Great Britain athletes have responded angrily after it was revealed that Niels de Vos, the chief executive of UK Athletics, received a 55 per cent pay increase from 2012-13.
It has been widely publicised that volunteer coaches continue to struggle due to a supposed lack of funds while key coaches from the London 2012 Olympics have seen their roles changed.
Numerous high-profile UK Athletics employees who lost their jobs at the end of 2012, including sprint coaches Tony Lester and Michael Afilaka and veteran endurance coach George Gandy.
Most famously, Toni Minichiello, who was named UK Coach of the Year in 2012 after guiding Jessica Ennis to heptathlon glory in London, was also made redundant and offered only a reduced consultancy package.
As such, De Vos has been accused of sending the wrong message to the country’s volunteer coaches by pocketing a total increase of £93,788, according to UK Athetlics' annual accounts.
The UK Athletics chief executive, who has held the role since 2007, had his salary raised from £164,326 to £254,994 for the 2012-13 tax year with key athletes showing their disgust on social media.
Goldie Sayers, the British javelin record-holder, said: "A 55% (93k) pay rise for 2012-13 whilst we are losing voluntary coaches every year due to lack of funds?"
How can Neils de Vos award himself a 55% (93k) pay rise for 2012/13 whilst we are losing voluntary coaches every year due to lack of funds?
— Goldie Sayers (@goldiesayers) January 6, 2014
Sayers, who famously endured a torrid battle for her own Lottery funding after she was initially axed from the World Class Performance Programme in November, added: "It was interesting after making that comment on Twitter how many coaches got in touch.
"The people I’ve seen at my training centre who are coaches and who are not paid were all pretty incensed because of all the work they’re doing on a voluntary basis.

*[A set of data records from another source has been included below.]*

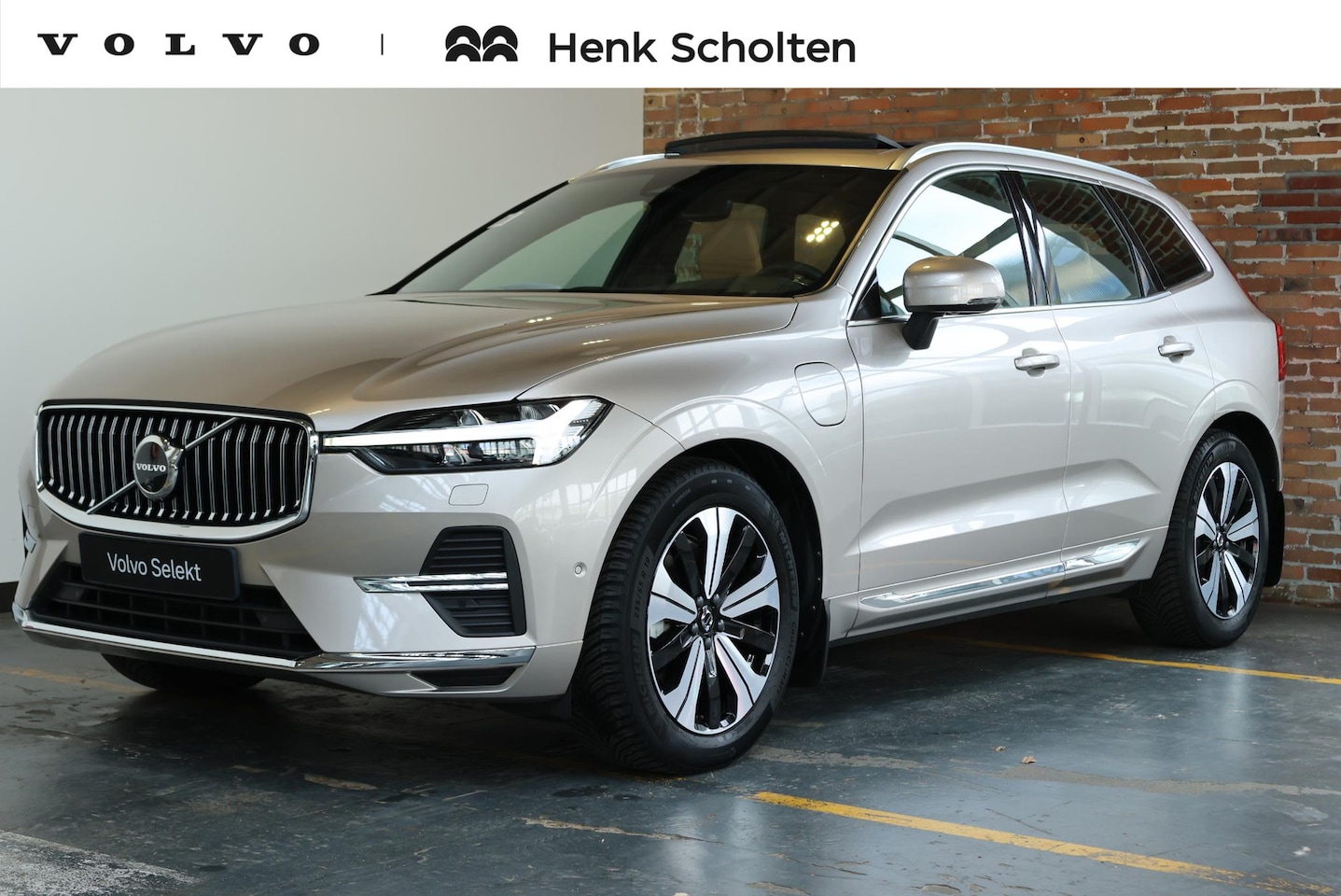Volvo XC60 - T6 Plug-in hybrid AWD Ultimate Bright | Luchtvering | Harman Kardon Premium Audio | Nappa - AutoWereld.nl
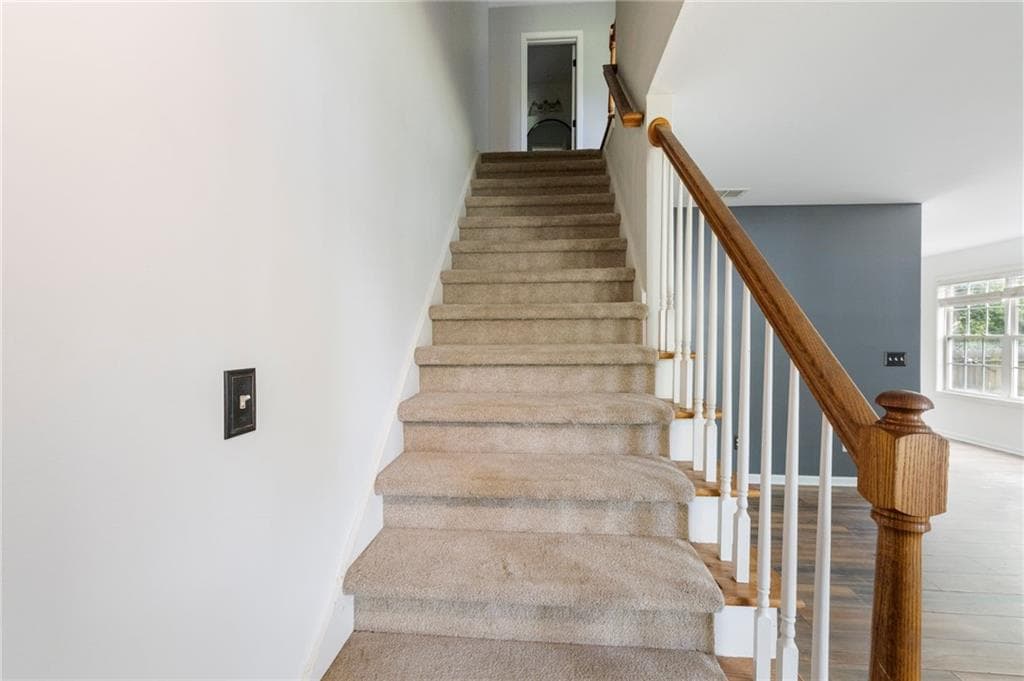 3 bedroom, 2 bathroom, 1,800 sq ft single family residence under contract at 147 Richmond Drive, Dawsonville, GA 30534 — photo 6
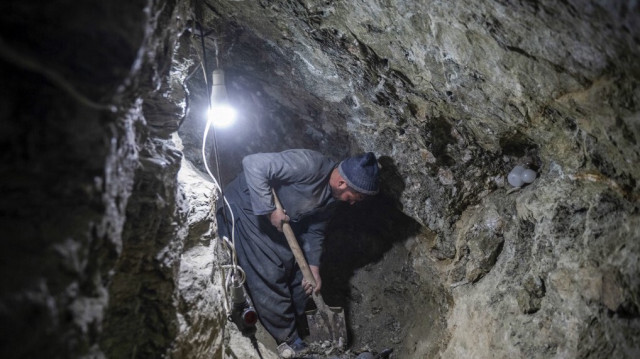 Un tunnel d'une mine d'or dans les montagnes du district de Yaftal Sufla dans la province de Badakhshan, en Afghanistan.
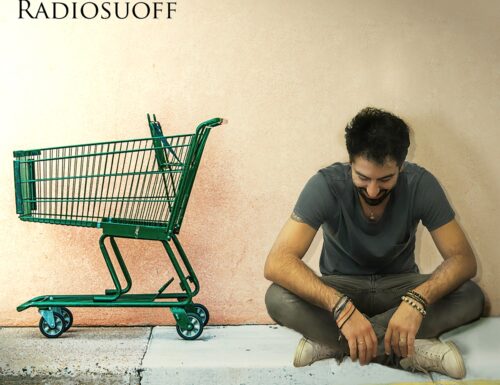 RADIOSUOFF presenta il nuovo singolo “Amore discount”
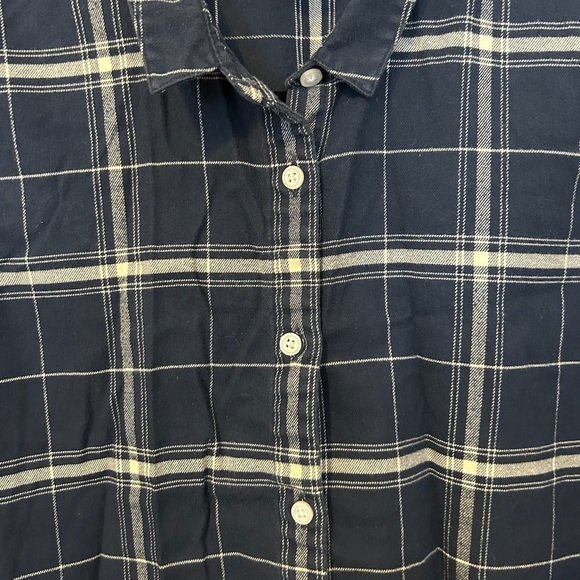 Garnet Hill Navy Blue Plaid Button Down Shirt Size Small - Picture 3 of 8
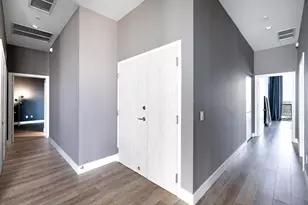 480 NE 31st St, Miami, FL 33137 - Photo 8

"We obviously need administrators but not at the expense of the people making a huge contribution on a daily basis directly with athletes and for the good of the sport," she added.
"I’m really passionate about athletics and I’ve enjoyed nearly 20 years of doing it and what worries me is the message it gives out to the coaches, having talked to lots of voluntary coaches."
Kelly Sotherton, the 2004 Olympic heptathlon bronze medallist, who is now a volunteer coach herself following her retirement from competitive athletics in 2012, added her dismay at the figures released.
I really would like to see/hear more ex athletes voice their opinions about my sport. Is it they don't care? Can't be bothered? Wary?
— kelly sötherton (@KellySotherton) January 7, 2014
"There are a lot of people struggling to coach athletes and my opinion is, should Niels de Vos really be receiving a pay rise when, at the ground level, people are really struggling?" Sotherton said.
"I’d like to know what the bonus was for? You would think the bonus should go to the athletes or the coaches who actually performed in 2012.
"Maybe he should have said that he didn’t need that bonus and he would put that money into helping the sport become a success, especially when they cut a lot of coaches that year, including apprentice coaches who they’d invested in since 2009 and then just dropped after the Olympics."
It has already been highlighted in the wake of the UK Athletics figures that De Vos's counterpart at the top of British Cycling, Ian Drake, earns a comparatively small £175,981 despite having helped produce eight gold medals at London 2012.